To help alleviate some of the boredom, most of the students played pranks on each other, the faculty, and the townspeople. One standard student joke was to send a roommate’s belongings home to his girlfriend. Another joke, as reported in the Gray Jacket, was to stage a fake duel between two students and make unsuspecting freshmen believe that one student had killed the other. Students painted Minor’s cow on one occasion and on numerous other occasions “borrowed” carriages from faculty and townspeople, disassembled them, and then reassembled them on the roofs of college buildings.
Students often would engage in noisemaking orgies in the middle of the night, sneaking up on some unsuspecting professor’s or local resident’s house and suddenly letting loose with noise from every conceivable percussion instrument they could acquire or make. Some of these sessions might have been planned in one of the local barrooms over “one too many drinks,” or so the townspeople thought. In May 1877, the Gray Jacket lamented: “A few weeks ago our little town boasted of four bar-rooms in full operation; now, only one is open to the public, and that one against the solemn protest of the people.” Possibly in protest over the demise of so many local pubs, the students (referred to as “a party of persons” in the July 1877 Gray Jacket) proceeded to demolish the kerosene lamps on Blacksburg’s Main Street. “For some minutes the cries of the mob and rattle of smashing glass rendered Main Street hideously musical,” the student publication reported. Since many students were also members of the five national social fraternities that had local chapters at the time, members of these groups received some of the blame for the mischief.
As student behavior increased in severity, the faculty and officers of the college split into two factions. General James H. “Gamecock” Lane, who was in charge of military tactics, wanted the college organized along lines similar to Virginia Military Institute, believing that a military structure would solve the disciplinary problem. President Minor, on the other hand, did not believe that the state legislature had envisioned another military institute in the state, and he strongly disagreed with Lane. The two points of view both had their supporters in the faculty, and the argument came to a head one day when Minor and Lane got into a heated discussion about the subject and even traded punches. The increasing dissension and disciplinary problems at the college became public knowledge throughout the state, causing a loss of confidence in the college and a consequent and drastic decline in enrollment.

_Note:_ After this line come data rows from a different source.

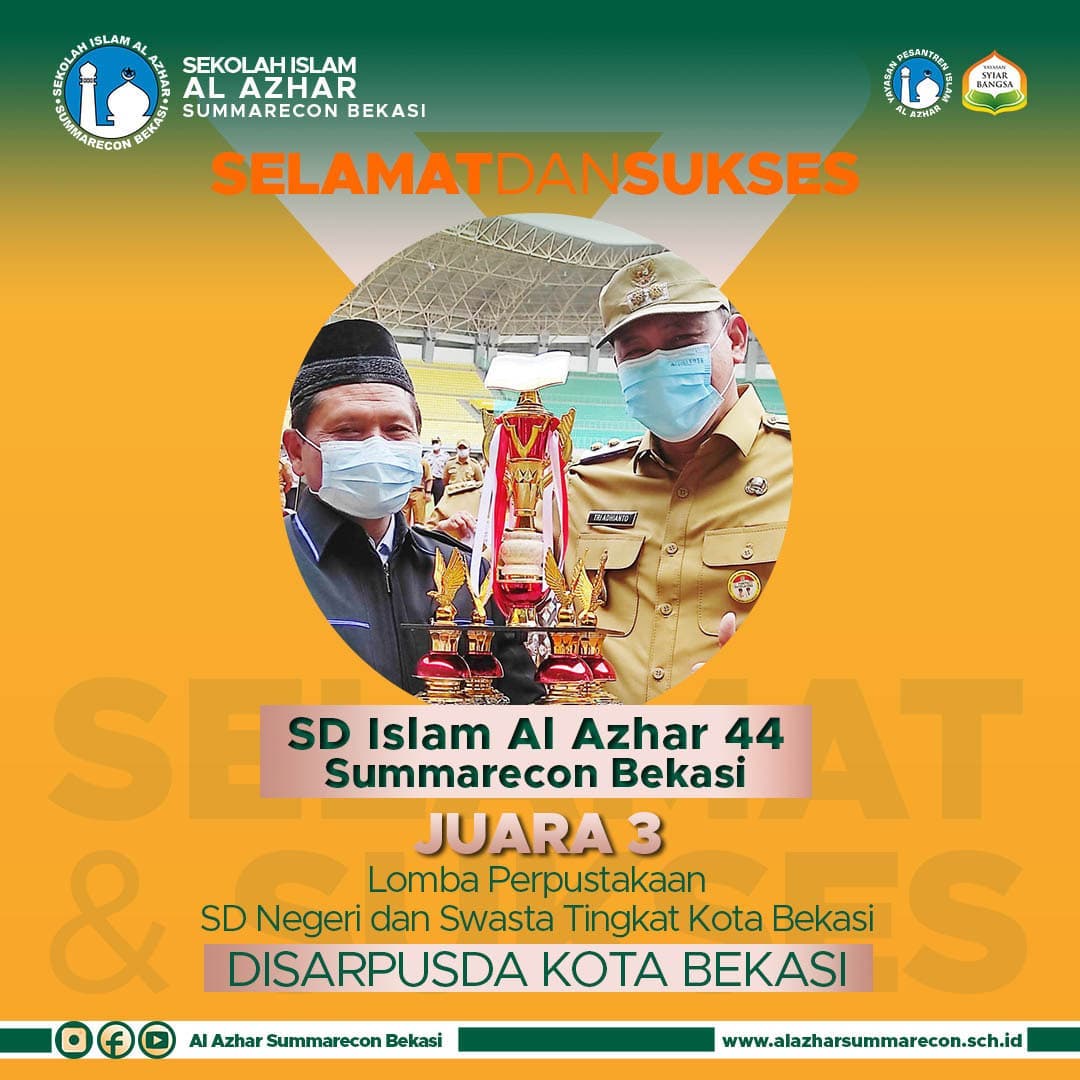Perpustakaan SD Islam Al Azhar 44 Summarecon Bekasi berhasil memenangkan gelar Juara III Perpustakaan SD Negeri dan Swasta Tingkat Kota Bekasi Tahun 2021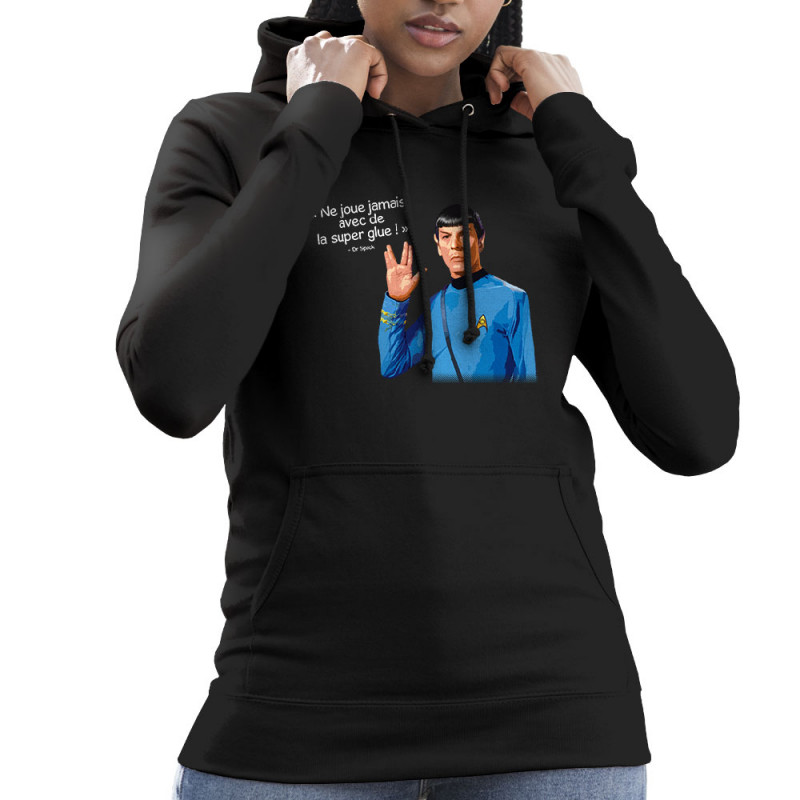 Sweat femme à capuche noir Spock super glue (Humour,Films/Séries,Gondrax)
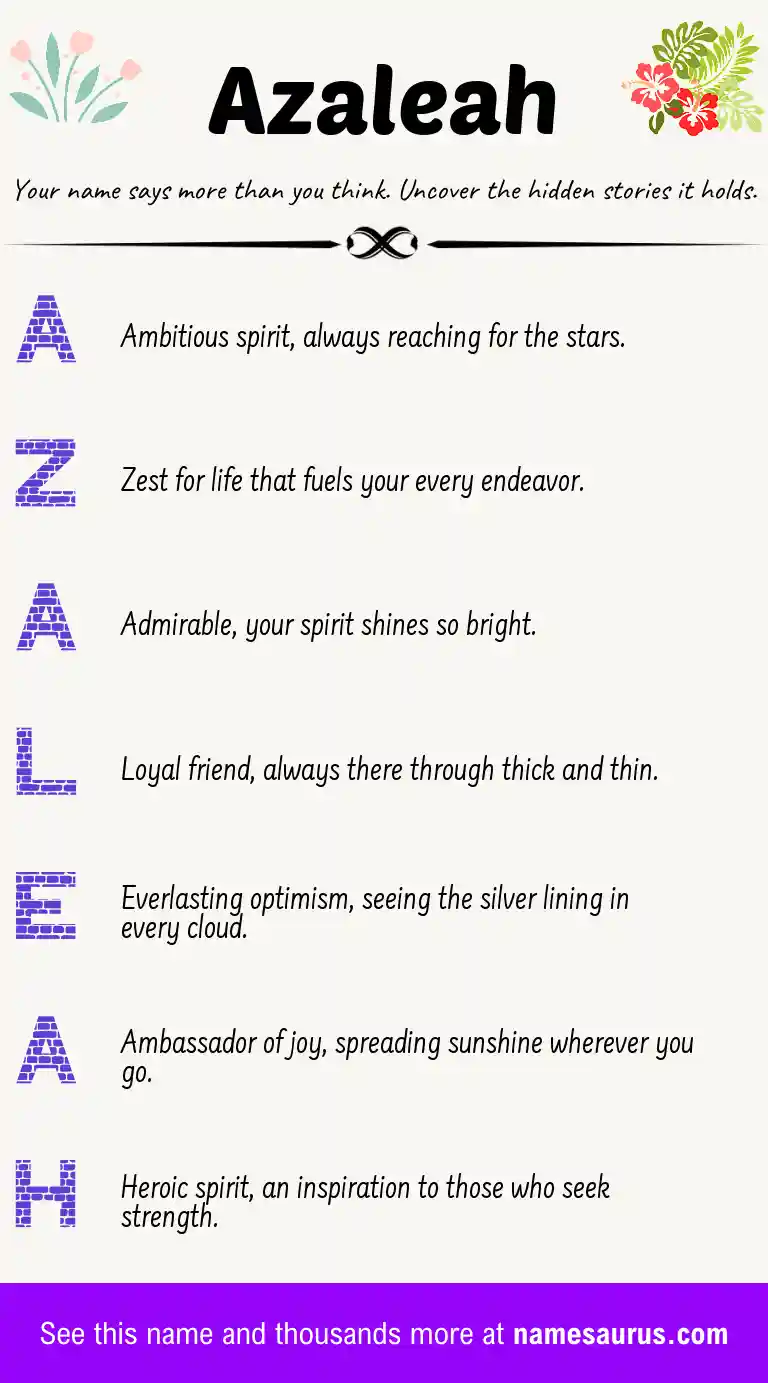 Acrostic poem about Azaleah.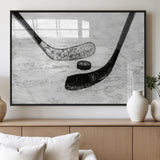 82900-MGV-FP-36X24-3P_Black-Hockey Wall Art – Black and White Canvas Print Ice Rink Sticks Puck Sports Photography, Modern Decor for Game Room, Man Cave,
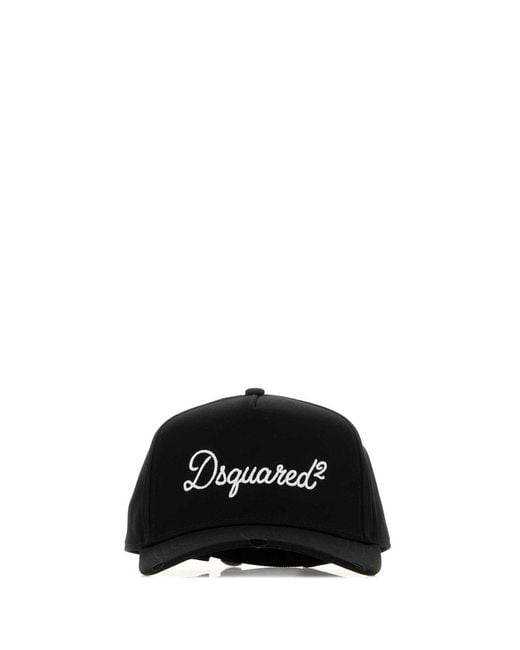 DSquared² Black Dsquared Cotton Baseball Cap for men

The board of visitors finally decided that something had to be done to keep the college from closing its doors, and it ordered a reorganization of the college and replacement of Minor in 1879. The board adopted the “Report of the Committee on Reorganization” on November 13, 1879. Enrollment dropped to 50 in the 1879-80 session, the lowest ever.
The lack of discipline in the student body was attributed to classes ending at 2 p.m., leaving students on their own until the next day. In the words of the report, “After classes are over the students are masters of their own time, and they would be exceptionally good youths if they did not require [sic] habits of idleness and soon become familiar with the vices which idleness invariably begets and which can be so conveniently supplied in a small village.”
Since the campus could house all students for the first time in 1879, the committee recommended that students be required to live on campus. Another recommendation concerned a decided shift in the prominence of military training: “To be efficient, the military discipline must be rigid, and the penalties for disobedience must be military in their character, and the drill must be made obligatory . . . of all students not specially excepted; . . . a college uniform is essential to the successful establishment of military instruction . . . and the students should be required to wear it except when in their rooms or on detail duty . . . .” Additionally, all students were required to attend church on Sunday mornings and daily religious exercises under the direction of the president of the college. Membership in all secret societies was prohibited.
Although it would take two more years to fully implement the recommendations of the Committee on Reorganization, the student body would closely follow the military pattern established by the 1879 board of visitors for most of the next 75 years. The college would never become entirely military, however, since there were always some students excused from drill and the corps for physical reasons. The military structure did not entirely solve the discipline problem either since the cadets were still bored in their isolated environment and dreamed up new ways to misbehave: hazing freshmen in new and ingenious ways; dropping bags of water on unsuspecting passersby from the barracks windows; stuffing retreat cannons with rocks that went flying everywhere; shooting off dynamite caps; and general destruction following barracks parties fueled with “Brush Mountain Spirits.”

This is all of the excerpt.